Claire Brooks left an indelible impression on just about everyone with whom she was involved. She was warm-hearted, spirited, emotional, unwavering in her support of individuals and causes once she had decided they were worthy of backing, and quite impossible to cajole into an effective tactical force. She was a one-off, typically loved and indulged by Liberals of like mind whom she often exasperated by her ill discipline. Such was Claire's passion that, in full flow at the conference rostrum, she would ignore amber lights, red lights and all the chair's futile attempts to call her to order. Singlehandedly she eventually achieved the installation of a switch whereby the chair could henceforth turn off the rostrum microphone!

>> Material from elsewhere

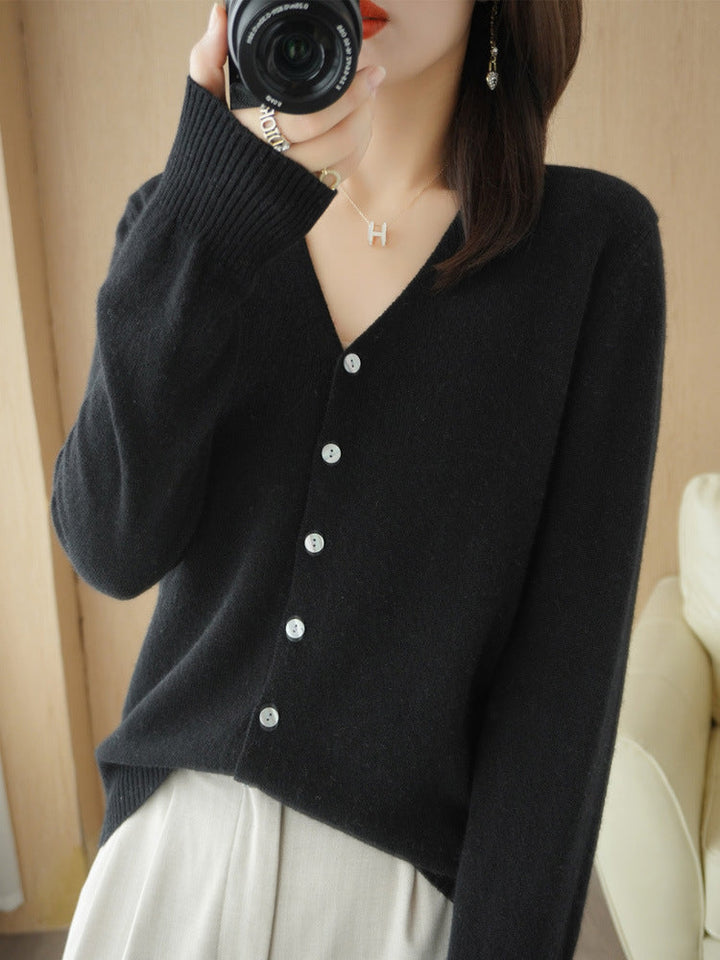 Womens Open Front Cardigan Sweater Long Sleeve Cozy Fit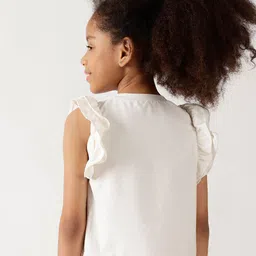 One Friday Striped Flutter Sleeve Cotton Top image 3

She was from a firm Liberal family in the Yorkshire Dales. She excelled at her local school in Skipton and studied law at University College, London, where she was vice-president of the student union. Speaking in 1958 at a huge Liberal rally in Blackpool she announced that she was looking for a Liberal husband but, instead, she married Herbert Brooks, an American citizen, and moved to the United States. There were no children of the marriage and, following her divorce, she moved back to the UK and fought her home constituency of Skipton in February 1974 after an interval of fifteen years.
Lacking a majority, Prime Minister Harold Wilson went to the country again in October that year and Claire Brooks was one of the few Liberal candidates to improve the party vote, coming within 590 votes of ousting the sitting Conservative MP, despite her vocal espousal of unilateral nuclear disarmament, which hardly endeared her to hard bitten rural Yorkshire men and women. In 1979, a new and more attractive Conservative candidate, plus a swing to the Tories, greatly increased their majority. Then new constituency boundaries in 1983 put paid to her chances of entering parliament for her home seat. Had she nursed the seat after 1959, instead of being away in the USA, she might well have succeeded, but ultimately reliance on her personal drive and commitment waned. Quixotically in the 1987 election she fought the Lancaster constituency which she had no realistic chance of winning.
Claire was a passionate European and she contested the 1979 and 1984 European elections. Also, from 1975, she committed herself to a rural solicitor's practice and the following year won a seat on the Craven District Council, which she held for twenty-three years, becoming Chair of the Council and Mayor of Skipton. In 1986 she was awarded the OBE for her service to political and public life.
Claire was all heart, invariably impulsive, an instinctive supporter of the underdog and in awe of no-one. At one Liberal Party Assembly, learning that male waiters were paid more than their female counterparts, she led a sit down in the middle of the conference hall - in full view of the television cameras. Her belief in the purity of liberalism and in the need for a powerful, independent and clearly focussed Liberal party, led her to oppose the Lib-Lab pact of 1977-78, and to oppose the merger with the Social Democratic Party.
Claire is regarded as one of the stalwarts whose dogged determination, passion and advocacy enthused younger members of the Liberal party and who ensured the survival and subsequent revival of the Liberal cause.